After a much needed day off for this Dodgers team, they look to get back into the swing of things in Game 3 against the Tampa Bay Rays. With Walker Buehler unable to pitch in Game 2, the relative bullpen game for the Dodgers against Blake Snell was the most lopsided matchup for the entire series. Charlie Morton will take the mound for the Rays, and with a potential Game 7 next Wednesday, this lines up the same matchup if need be on that day.
|SS||Seager (L)||2B||Lowe (L)|
|1B||Muncy (L)||1B||Choi (L)|
|CF||Bellinger (L)||3B||Wendle (L)|
|LF||Pederson (L)||CF||Kiermaier (L)|
|P||Buehler (R)||P||Morton (R)|
Austin Barnes will be starting at catcher just like in Game 1. Clearly, the team has decided that whatever benefits Barnes brings via his game calling, defense, and framing outweighs the potential issue his bat brings in the lineup.

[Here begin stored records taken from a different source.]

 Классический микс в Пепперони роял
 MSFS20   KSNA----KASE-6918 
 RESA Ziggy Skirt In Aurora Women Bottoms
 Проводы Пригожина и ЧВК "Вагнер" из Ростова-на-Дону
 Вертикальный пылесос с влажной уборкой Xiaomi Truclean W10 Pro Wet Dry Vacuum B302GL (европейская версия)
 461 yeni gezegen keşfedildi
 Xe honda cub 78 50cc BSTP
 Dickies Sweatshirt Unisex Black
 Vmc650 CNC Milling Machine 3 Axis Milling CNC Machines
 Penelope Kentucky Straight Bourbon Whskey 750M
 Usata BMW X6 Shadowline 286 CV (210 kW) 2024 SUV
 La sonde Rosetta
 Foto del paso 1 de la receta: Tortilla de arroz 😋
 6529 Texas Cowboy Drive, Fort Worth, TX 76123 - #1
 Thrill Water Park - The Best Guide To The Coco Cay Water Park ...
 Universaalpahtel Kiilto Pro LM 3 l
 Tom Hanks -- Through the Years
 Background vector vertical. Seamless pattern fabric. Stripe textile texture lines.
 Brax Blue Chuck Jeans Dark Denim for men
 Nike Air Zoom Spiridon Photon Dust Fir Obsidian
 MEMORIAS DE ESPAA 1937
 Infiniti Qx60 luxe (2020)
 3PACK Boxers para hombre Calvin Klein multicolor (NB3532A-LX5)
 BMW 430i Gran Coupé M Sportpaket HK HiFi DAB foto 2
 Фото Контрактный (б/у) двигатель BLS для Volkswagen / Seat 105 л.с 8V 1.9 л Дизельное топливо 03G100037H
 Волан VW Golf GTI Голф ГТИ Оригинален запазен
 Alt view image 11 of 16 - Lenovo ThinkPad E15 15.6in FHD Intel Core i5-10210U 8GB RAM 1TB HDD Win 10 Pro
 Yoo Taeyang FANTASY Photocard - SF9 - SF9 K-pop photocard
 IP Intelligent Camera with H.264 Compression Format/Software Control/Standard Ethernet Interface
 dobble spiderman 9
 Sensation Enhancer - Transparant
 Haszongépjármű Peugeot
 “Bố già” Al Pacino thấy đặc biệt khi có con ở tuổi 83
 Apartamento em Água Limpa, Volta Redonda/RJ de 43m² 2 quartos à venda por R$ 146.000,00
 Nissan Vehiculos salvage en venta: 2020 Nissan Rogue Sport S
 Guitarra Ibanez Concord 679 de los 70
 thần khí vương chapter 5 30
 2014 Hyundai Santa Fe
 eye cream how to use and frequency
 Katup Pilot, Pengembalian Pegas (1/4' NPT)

Will Smith will still remain in the game as the designated hitter. The Dodgers feature two players with an OPS above 1.000 against right-handed pitching, with Mookie Betts (1.061), and Will Smith (1.040). Following that up, Corey Seager (.998) and Justin Turner (.914) also tear up right-handed pitching. This lineup also includes Chris Taylor (.898), and Cody Bellinger (.854), and the reason I include both of those two is that all of those guys listed have a higher OPS against right-handed pitching than the top batter on the Rays, Brandon Lowe (.838). Needless to say, the Dodgers have the advantage there. Lowe also hit two home runs in Game 2 against Tony Gonsolin and Dustin May. That’s baseball.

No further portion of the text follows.